Hay un trasfondo de esperanza en todo fenómeno de contacto,
incluso nos atreveríamos a afirmar que hay un factor de libertad
inducida por lo que el encuentro tiene de elemento no regulado,
sobre todo teniendo en cuenta el producto o el resultado que pueda
surgir de dicho "enfrentamiento". Toda la lógica
de la mixtura, del mestizaje, de la migración y la navegación
entraña un componente de "fusión" humana
intercolectiva, no obstante, qué sentido tiene plantear una
transculturalidad dentro de un contexto comercial como el que parece
ya estamos plenamente inmersos. Plantear el trasvase cultural implica,
hoy por hoy, aceptar la sustitución de las relaciones basadas
en la puesta en común (comunicación) de la experiencia
por el trueque de objetos de cambio (compra-venta). A esta cuestión
deberíamos añadir otra: hasta qué punto los
fenómenos transculturales llevados a cabo en un escenario
etnocéntrico comportan un factor de riesgo, mucho más
si a ello unimos los factores conflictivos que impone el cambio
del capitalismo industrial al cultural, donde -como advierte Rifkin-
"la absorción de la esfera cultural por parte de la
esfera comercial apunta a un cambio fundamental en las relaciones
humanas con consecuencias preocupantes para el futuro de la sociedad".

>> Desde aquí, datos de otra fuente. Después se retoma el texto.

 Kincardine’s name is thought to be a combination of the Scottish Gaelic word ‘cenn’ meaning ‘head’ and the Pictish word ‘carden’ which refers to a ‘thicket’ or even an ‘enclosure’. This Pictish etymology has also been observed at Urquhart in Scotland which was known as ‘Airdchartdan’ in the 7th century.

Esta nueva y tupida esfera de interrelaciones
sociales basadas en el intercambio crematístico/pecuniario
de supuestos valores "culturales" evidencia y potencia
el hecho mismo de la individualidad personal frente a la vivencia
colectiva, toda vez que se cancelan los valores de transmisión
cultural, esto es, los sentidos generacionales tradicionales, para
abrigar nuevas formas de vida y contacto regidas por la ausencia
de comunicación, o mejor dicho, basadas en la negación
de la comunicación gracias a la saturación de los
contextos comunicativos ("información ilimitada = información
cero"), sin embargo esa dualidad individuo/colectivo se mantiene
perfectamente vinculada, teniendo en cuenta una relación
simbólica que engarza doblemente a la persona consigo y con
el colectivo que le confiere los sentidos, ya sea éste de
referencia o de pertenencia. De alguna manera, como afirma R. Dawkins
(1988), el ser humano es una "máquina de superviviencia
programada con el único fin de perpetuar la existencia
de unos egoístas genes albergados en sus células".

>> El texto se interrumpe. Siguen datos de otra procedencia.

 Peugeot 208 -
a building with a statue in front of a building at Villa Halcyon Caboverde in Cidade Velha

Esa función de superviviencia integrada en la propia esencia
fisiológica del hombre se transfiere al concepto de ser social,
para adoptar una postura de actuación que le permita precisamente
sobrevivir. "Las personas del siglo XXI se perciben a sí
mismas tanto como nodos insertos en una red de intereses compartidos
como agentes autónomos en un mundo darwiniano de supervivencia
competitiva. Para ellas la libertad personal tiene menos que ver
con el derecho de posesión y la capacidad para excluir a
otros y más con el derecho a estar incluido en las redes
de interrelación" (Rifkin, J. 2000:23). Si hablamos
de sociedad interconectada o cibersociedad, conectividad, etc. entenderemos
esta última idea de Rifkin, si por el contrario hablamos
de sociedad sin contemplar su grado de interrelación con
la esfera tecnológica efectiva (acceso a redes de intercambio)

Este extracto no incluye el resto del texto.